X,y = twoData(100, 2, 2)
mk = np.array(['r','g'])
plt.scatter(X[:,0],X[:,1],c=mk[y])
plt.title("Linear nonseparable")
plt.show()
_images/SVMsample_5_0.png _images/SVMsample_5_1.png 
X,y = circle(200, 2)
mk = np.array(['r','g'])
plt.scatter(X[:,0],X[:,1],c=mk[y-1])
plt.title("Linear nonseparable- Circle")
plt.show()
_images/SVMsample_6_0.png 
from matplotlib.colors import ListedColormap
import matplotlib.pyplot as plt

def plot_decision_regions(X, y, classifier, test_idx=None, resolution=0.02):

    # setup marker generator and color map
    markers = ('o', 'x', 's', '^', 'v')
    colors = ('red', 'blue', 'lightgreen', 'gray', 'cyan')
    cmap = ListedColormap(colors[:len(np.unique(y))])
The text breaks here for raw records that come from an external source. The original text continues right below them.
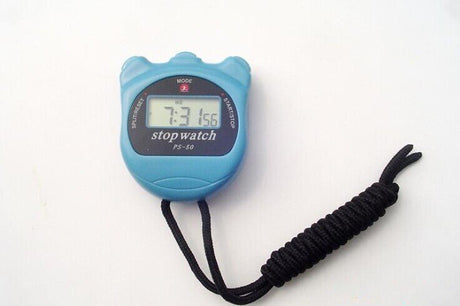 Light Weight Stopwatch - Yorkn Inc✅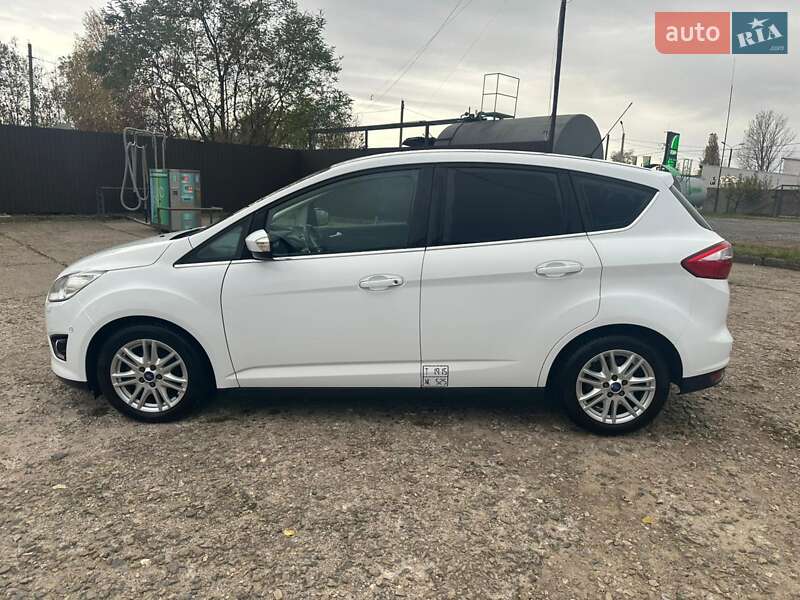 Минивэн Ford C-Max 2015 в Нововолынске фото 2 Минивэн Ford C-Max 2015 в Нововолынске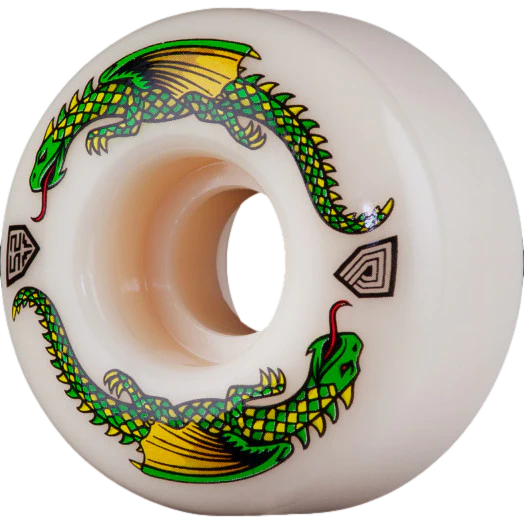 Powell Peralta Dragon Formula Wheel 93A 52x31mm Wheels Powell Peralta 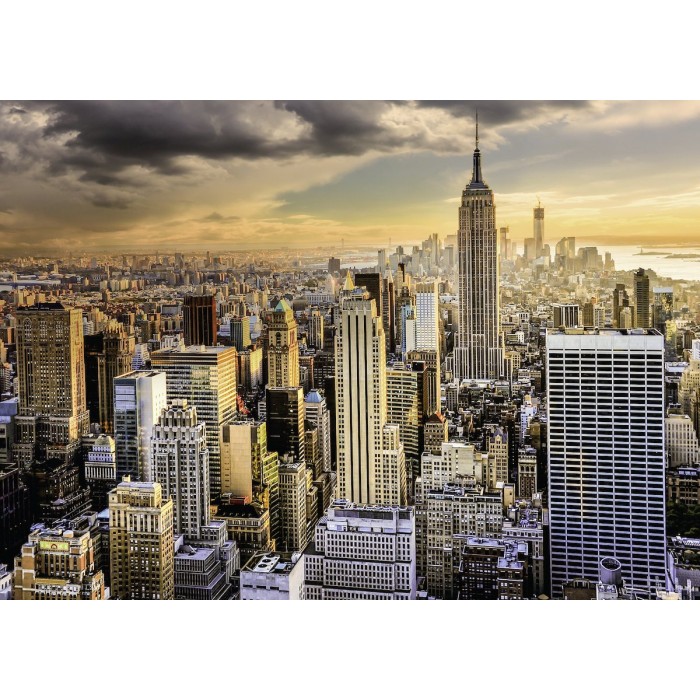 Puzzle  Ravensburger-00668 New York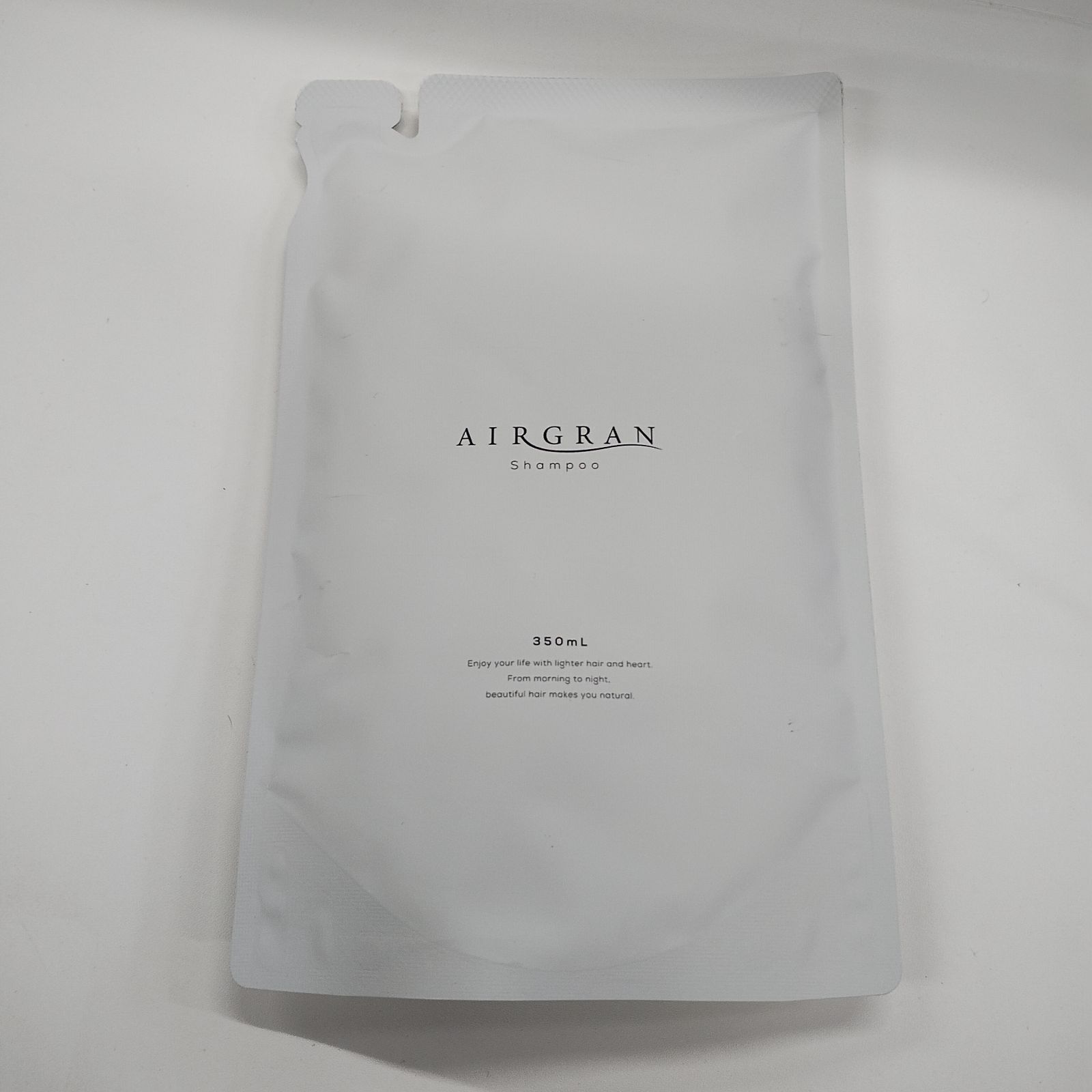 エアグラン ナチュラルストレート 詰め替え エアグランナチュラル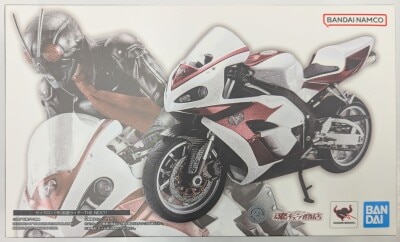 Bandai Spirits SHFiguarts Kamen Rider THE NEXT Cyclone No. 1 (Kamen Rider THE NEXT) 画像 1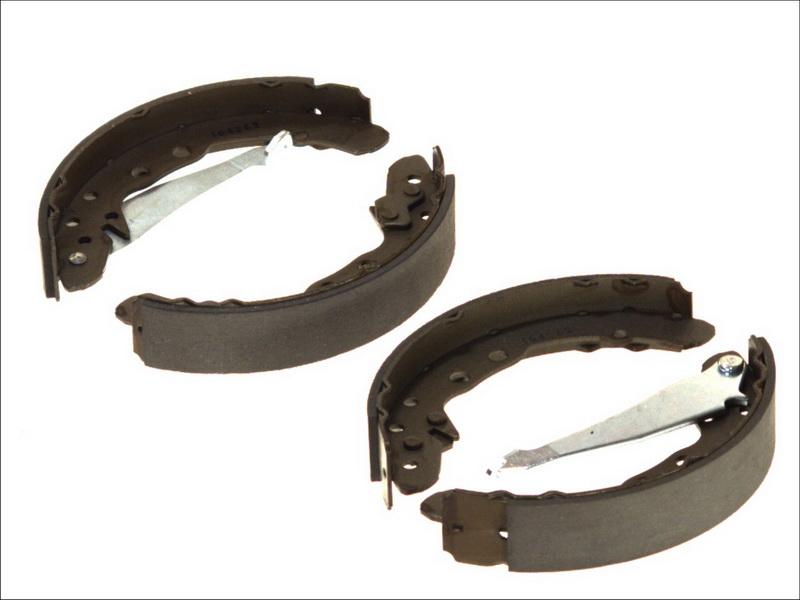 Delphi LS1655 - Drum Brake Shoe Set car-mod.net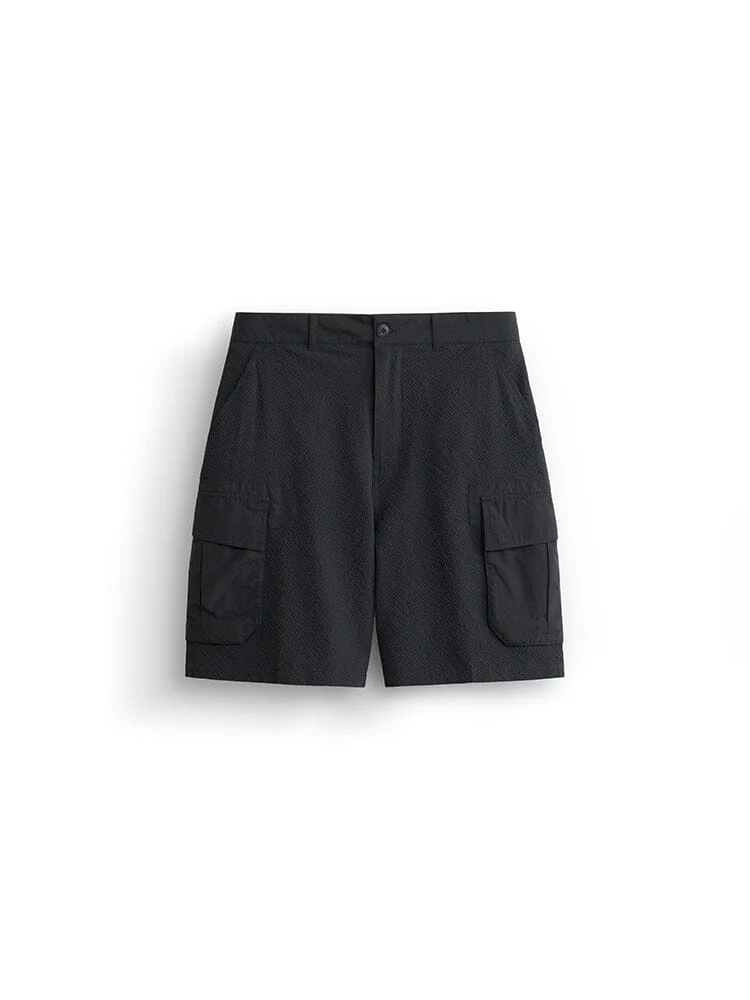 SEERSUCKER SHORT - 1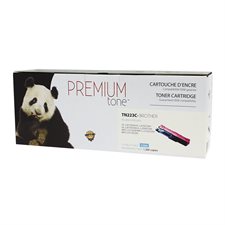 Cartouche de toner compatible Brother TN223 cyan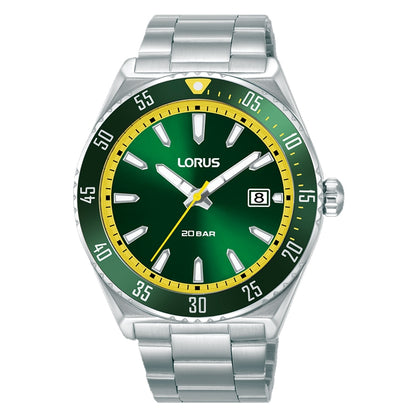 LORUS Mod. RS955DX9 READY STOCKED WATCHES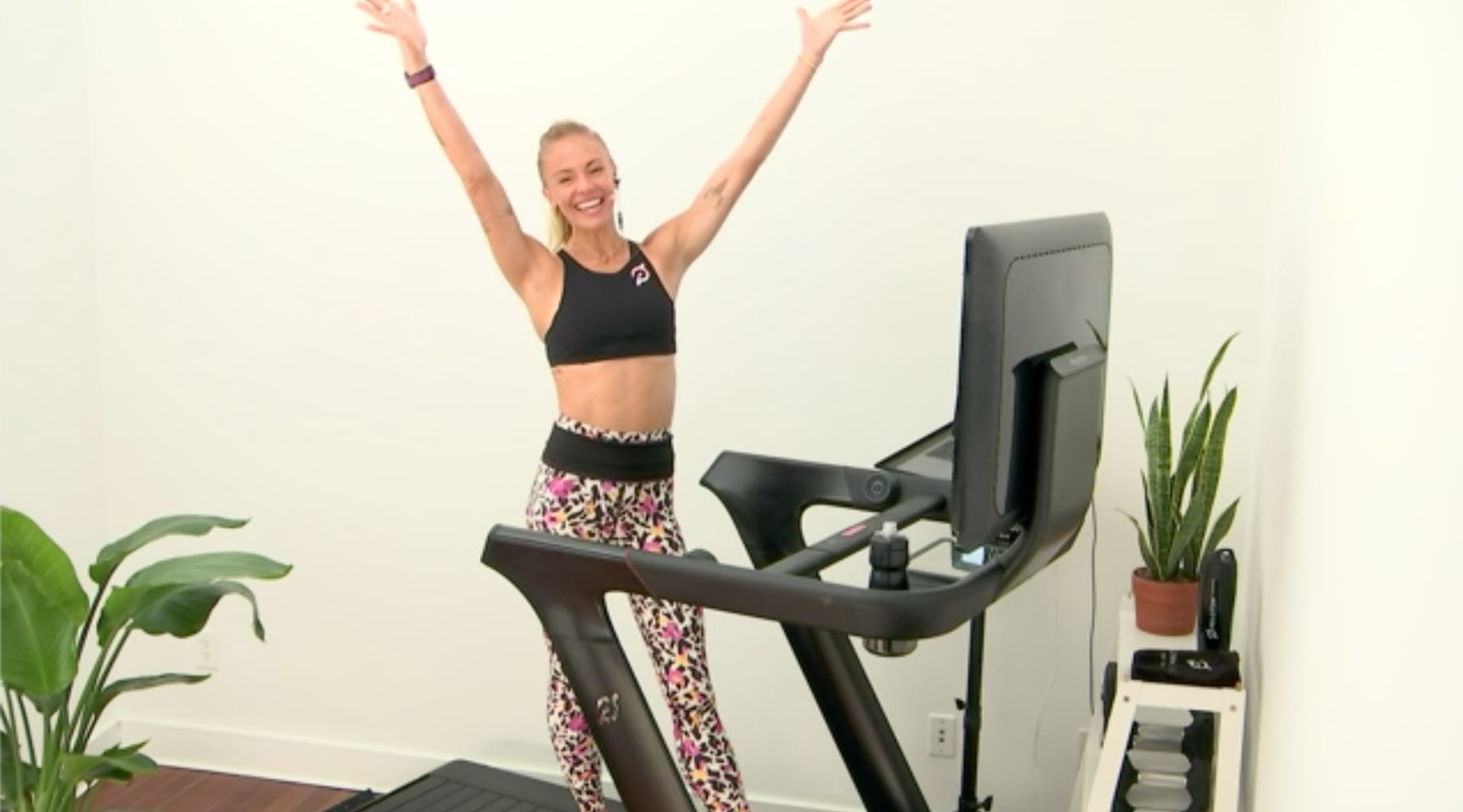 45 min Pop Run: Live from Home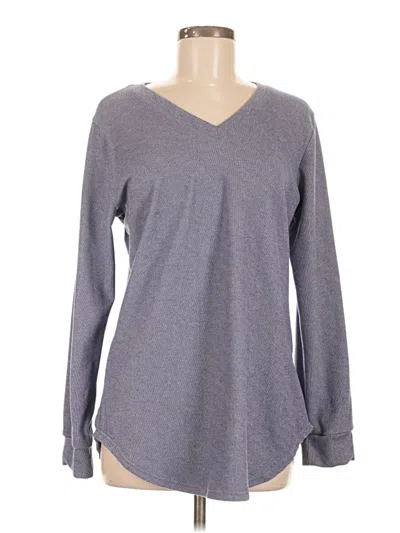 Pre-owned Unbranded Pullover Sweater In Gray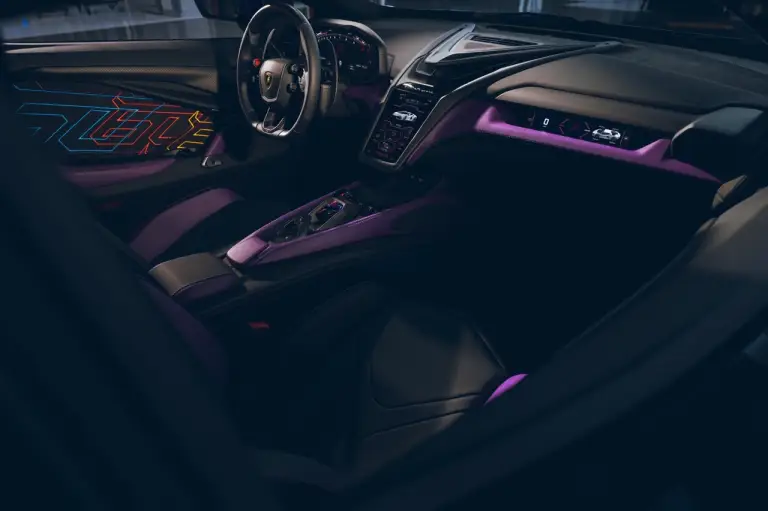 Lamborghini Revuelto Opera Unica - Foto ufficiali - 4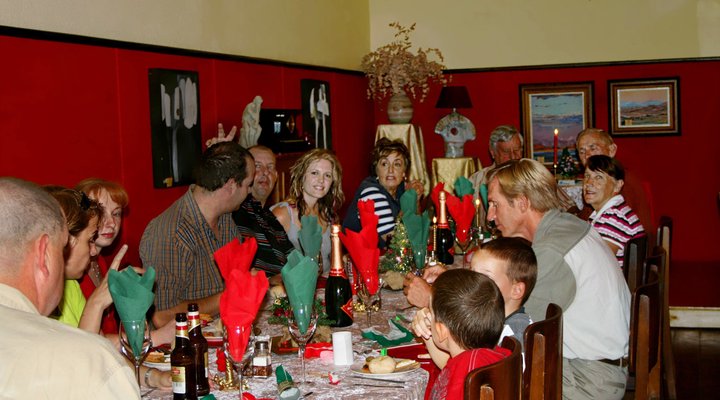 Mountain View Boutique Hotel – Lady Grey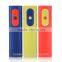 New design hot sale 18650 battery mobile power bank charger 2600mAh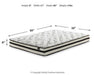 Socalle Bed and Mattress Set - Furniture 4 Less (Jacksonville, NC)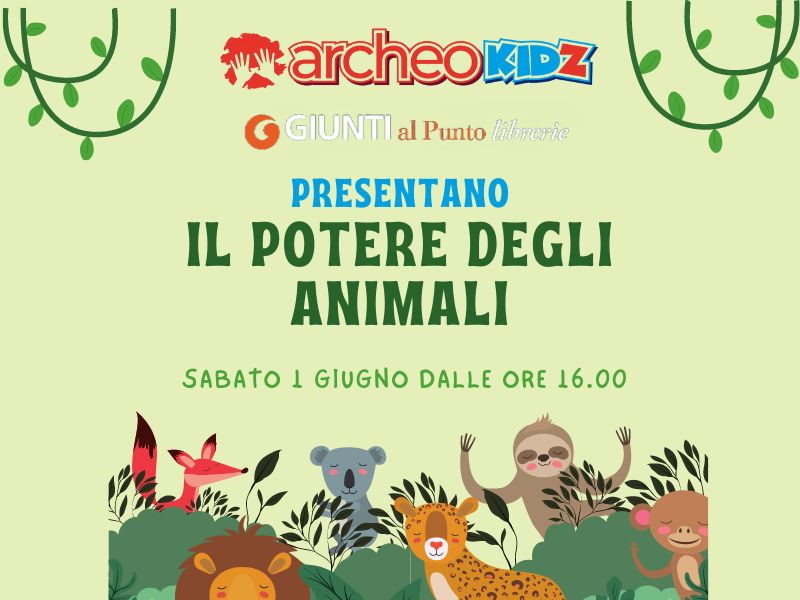 il potere degli animali gavirate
    # plot the decision surface
    x1_min, x1_max = X[:, 0].min() - 0.1, X[:, 0].max() + 0.1
    x2_min, x2_max = X[:, 1].min() - 0.1, X[:, 1].max() + 0.1
    xx1, xx2 = np.meshgrid(np.arange(x1_min, x1_max, resolution),
                           np.arange(x2_min, x2_max, resolution))
    Z = classifier.predict(np.array([xx1.ravel(), xx2.ravel()]).T)
    Z = Z.reshape(xx1.shape)
    plt.contourf(xx1, xx2, Z, alpha=0.3, cmap=cmap)
    plt.xlim(xx1.min(), xx1.max())
    plt.ylim(xx2.min(), xx2.max())

    for idx, cl in enumerate(np.unique(y)):
        plt.scatter(x=X[y == cl, 0], 
                    y=X[y == cl, 1],
                    alpha=0.8, 
                    c=colors[idx],
                    marker=markers[idx], 
                    label=cl, 
                    edgecolor='black')

    # highlight test samples
    if test_idx:
        # plot all samples
        X_test, y_test = X[test_idx, :], y[test_idx]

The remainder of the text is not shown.